イギリスの総選挙では「世界初のAI政治家」立候補…「不祥事を起こさない」とメリット強調
【ロンドン=中西梓】7月4日に投開票される英国の総選挙に、政策を生成AI(人工知能)に従って決定すると公約する候補者が出馬している。英メディアの世論調査によると、当選する可能性は極めて低いとされているものの、候補者は当選した場合、AIの「代理人」として活動すると訴え、支持を呼びかけている。
立候補しているのは英南部の実業家スティーブ・エンダコット氏(59)で、「世界初のAI政治家」を目指している。投票用紙に記載される候補者名は「スティーブ・AI」だ。

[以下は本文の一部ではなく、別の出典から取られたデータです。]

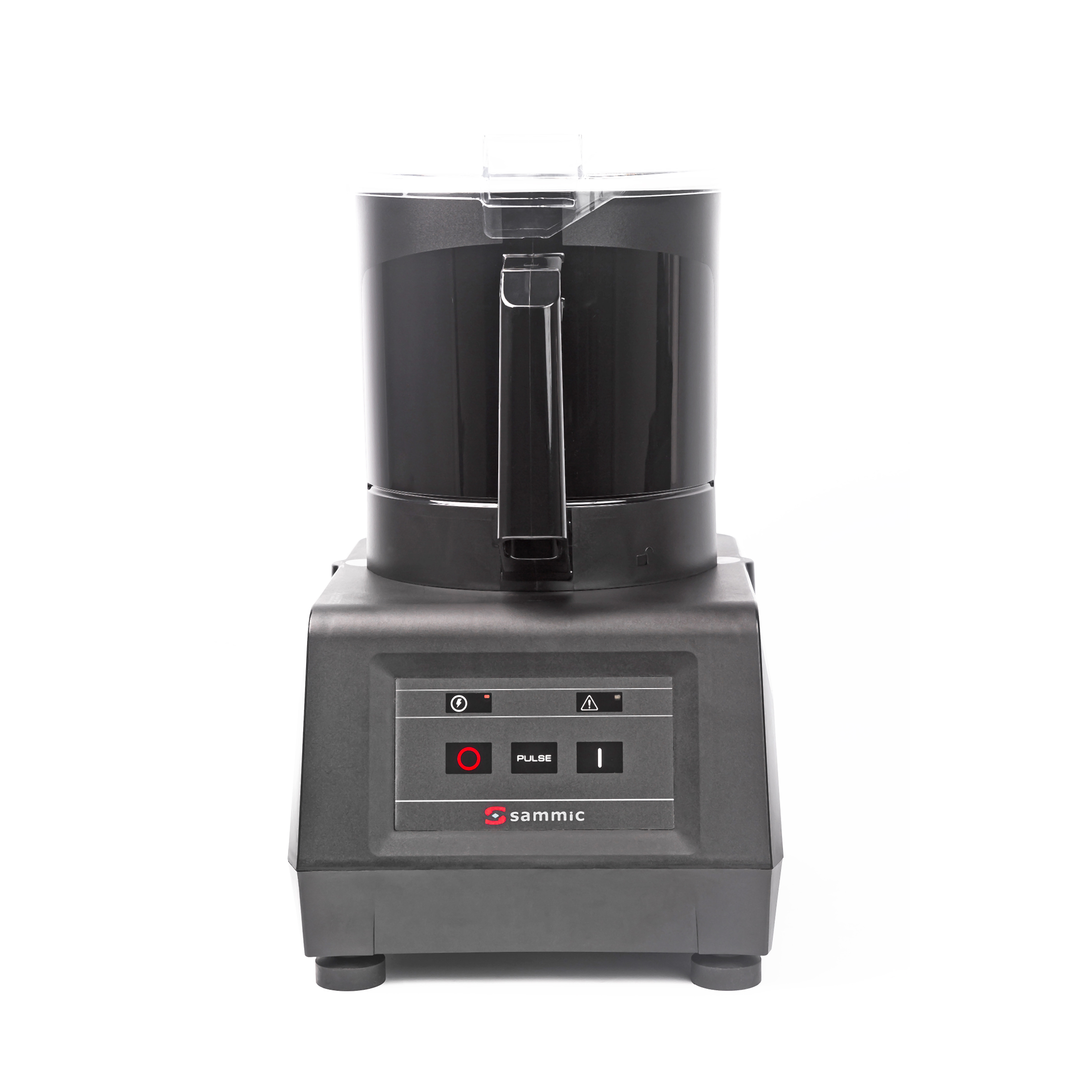 Sammic, K-41, Food Processor, Benchtop / Countertop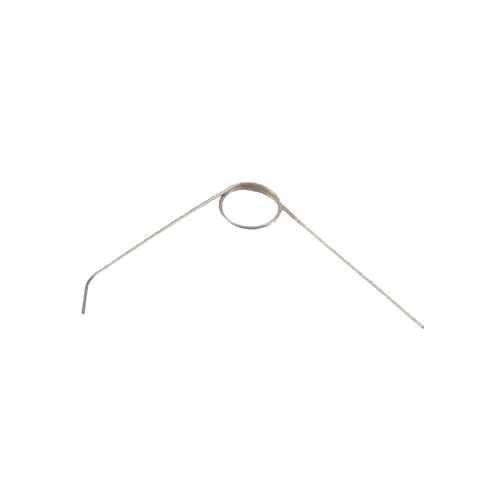 STEENKS Torsion spring 6.5 out of 0.5mm 1.25 wt for Twine cutting ma - Harvesso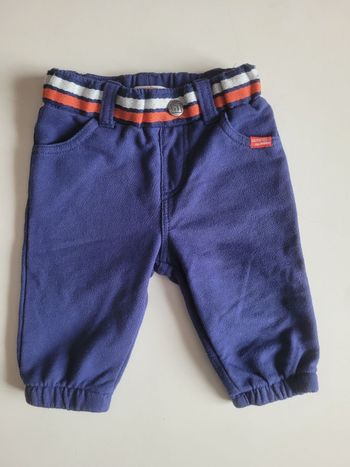 Pantalon 3 mois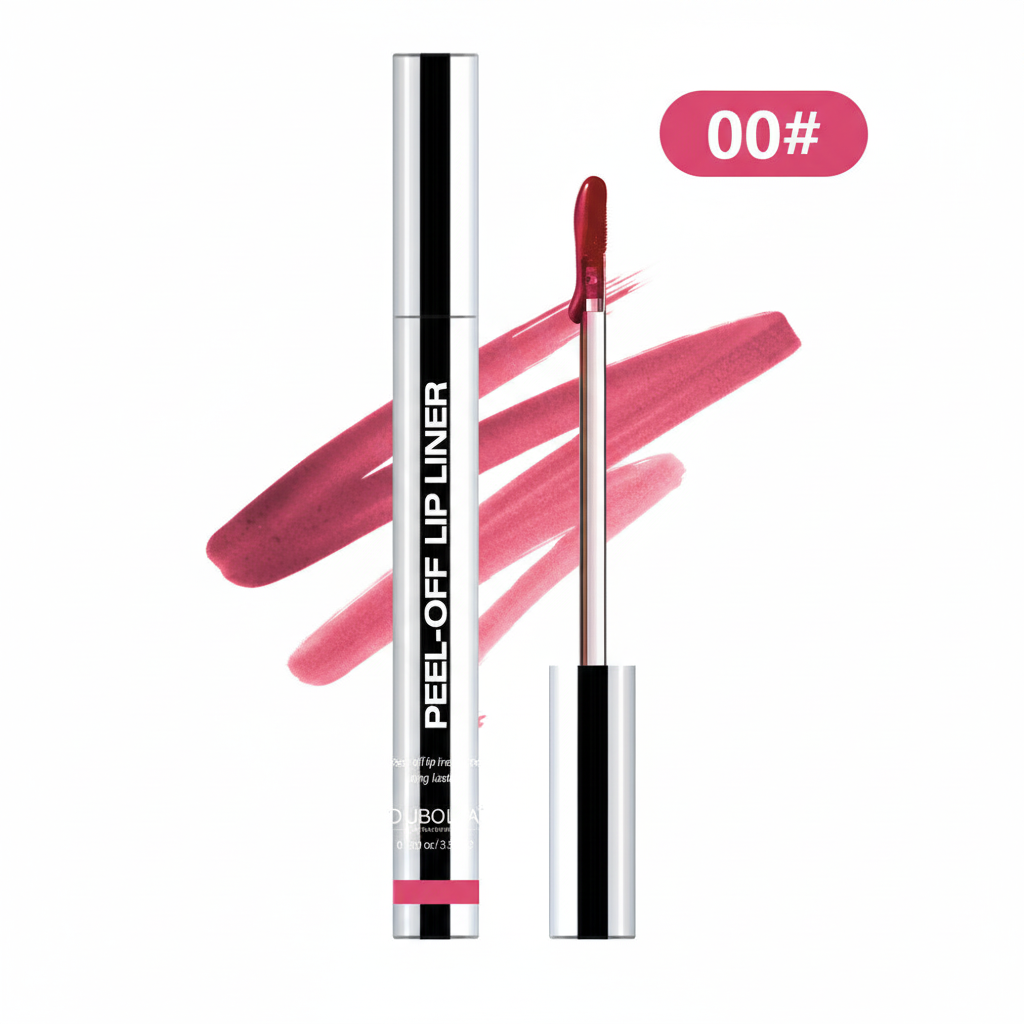 Sialina™ Peel-Off Lip Liner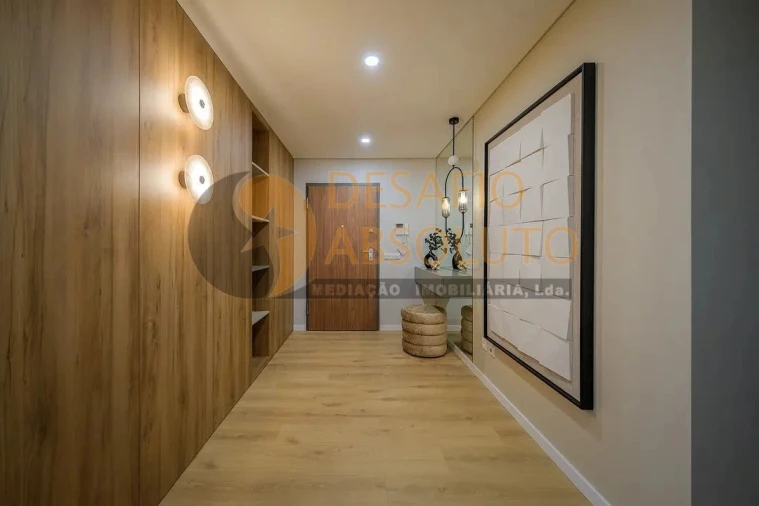 Apartamento T4 para Venda em Montijo e Afonsoeiro Foto 2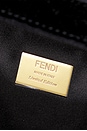 view 5 of 10 BOLSO FENDI in Black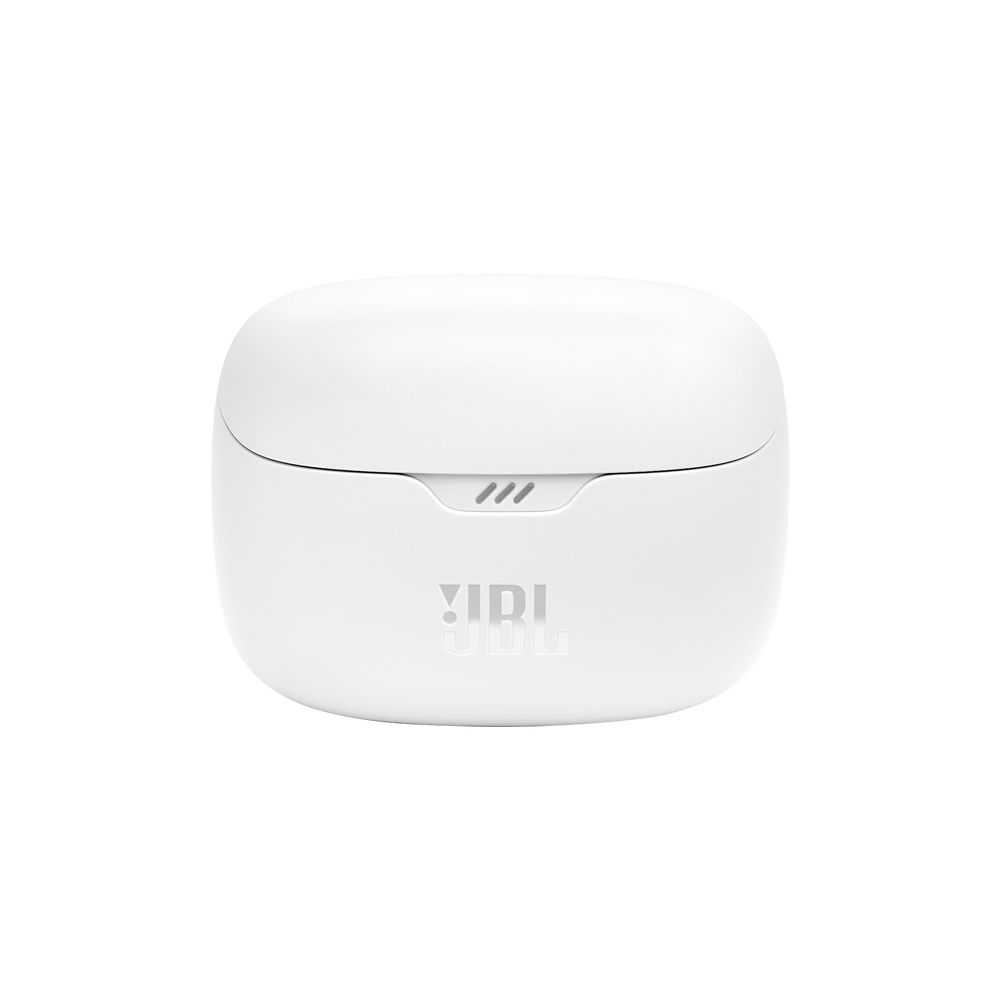 JBL Tune Beam TWS Bluetooth Headset White - Image 5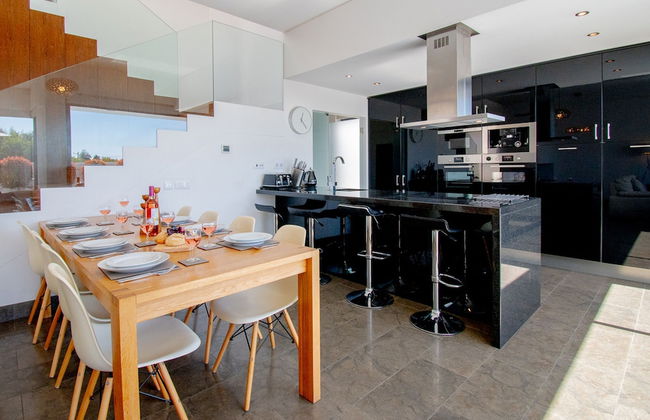 Casa Madeira in Carvoeiro - Foto 16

エンダコット氏は経営する会社で、自身の姿と声を模したアバター(分身)とチャットボットの「AIスティーブ」を開発した。選挙期間中、有権者からの質問を24時間受け付け、音声と文章で回答する。
ロイター通信によると、当選すればエンダコット氏が議員となる。だが、政策はAIスティーブと有権者との対話や、地元のボランティアによる政策案の採点に基づいて決める。採決での投票行動も判断をAIスティーブに委ねる。AIを使えば有権者との議論を大量にこなせ、有権者の意見を政治に直接反映できるとしている。AIが「不祥事を起こさない」とも強調している。
エンダコット氏は今回、無所属で出馬したが、AIを活用する新政党「スマーターUK」を設立し、他の候補者も募る方針という。